Sunday, 20 February 2022

Inflation: Always and Everywhere a Social Phenomenon

There are currently at least two advantages to being a former academic sociologist in my early fifties: I'm just about old enough to remember the high and accelerating inflation of the mid 1970s, and I’m able to recognise the limitations of a purely economic theory of inflation.

Two things have prompted these musings on inflation. Firstly, encountering price increases on basic foodstuffs at one of the main discount supermarkets in the UK (500g bran flakes up from 46p to 49p, sardines from 31p to 35p), the daily reality of CPI inflation recorded at 5.5% in January 2022. See UK CPI data.

Secondly, reading a thoughtful essay on inflation, ‘The Perils of Yesterday’s Logic’, by Henry Maxey in the investment house Ruffer’s recently published Annual Review.

Maxey’s essay reminded me of Milton Friedman’s famous observation that “inflation is always and everywhere a monetary phenomenon”, (p181 in The Counter-Revolution in Monetary Theory).

Maxey also references a powerful intellectual counterargument to Friedman co-edited by couple of authors I read as an undergraduate, namely Fred Hirsch and John Goldthorpe’s 1978 collection of papers The Political Economy of Inflation.

The book was based on a 1977 conference at the University of Warwick where several non-economists brought wider social science insights to bear on a topic too important to be left to rival schools of economists.

Put simply, contra Friedman, inflation is always and everywhere a social phenomenon.

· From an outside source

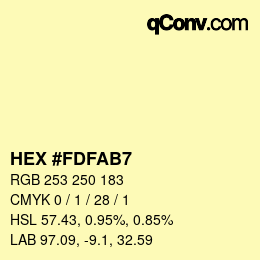 Color code: HEX #FDFAB7 | qconv.com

Maxey highlights Hirsch’s argument that inflation becomes pronounced when the status order of a society is in question: “containment of the latent distributional struggle without financial instability requires either sufficient authority or sufficient consensus, on the values or principles underlying the distribution of income and other aspects of welfare. If established authority weakens before a sufficient consensus or a new authority emerges, inflation results.” 

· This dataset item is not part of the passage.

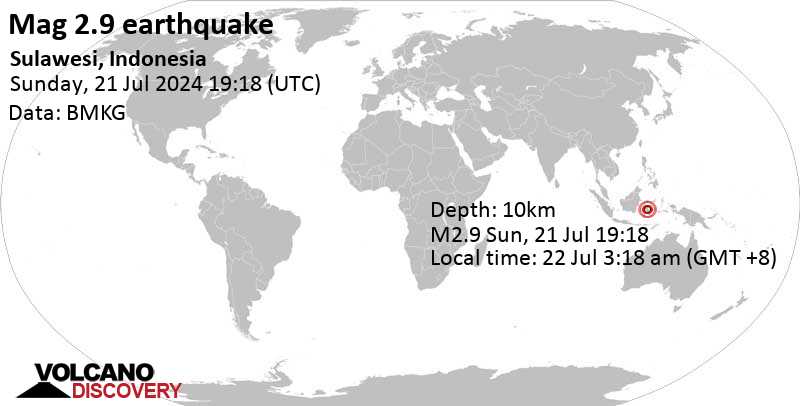 Mag ringan.  Gempa 3,1 – Kabupaten Luwu Timur, Sulawesi Selatan, Indonesia, pada Senin, 22 Juli 2024, pukul 03:18 WIB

Who can doubt that the advanced economies of 2022 lack both authoritative leadership and widespread social consensus?

The level of prices, and their rate of growth depends on a complex ever-changing balance of forces on both the demand and supply sides of economic transactions, between producers and consumers, workers and employers, companies and regulators, politicians and electorates. This balance of forces is being profoundly disrupted in early 2022, with inflation one consequence (and itself a further source of disruption if persistent).

The acceleration or otherwise of inflation ultimately depends on the ability and willingness of people to pay for goods and services, and these are not simply determined by resource constraints, but are shaped by contestable definitions of social acceptability. Is it acceptable for companies to pass on cost increases? Will employees accept wage increases below the rate of inflation? Will consumers accept having to trade down as prices rise, or will they continue to accept higher prices to access favoured brands?

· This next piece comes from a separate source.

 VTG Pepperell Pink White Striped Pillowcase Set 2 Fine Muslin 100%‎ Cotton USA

Hirsch’s notion of status order is well-chosen for it invokes Max Weber’s classic sociological definition of status as "the social estimation of honour".

Quantitative indicators such as the prices of goods and thereby the rate of inflation are the translation into numbers of social transactions where the numerical outcomes have processed through estimations of honour, decency and social and political acceptability. 

Prices embody both economic and social contracts.

The limits to inflation are set by how far people will tolerate the stretching of their definitions of what can be socially as well as financially afforded, and the extent to which what J.K. Galbraith termed ‘countervailing power’ can be mobilised and exerted against the pressures of rising prices.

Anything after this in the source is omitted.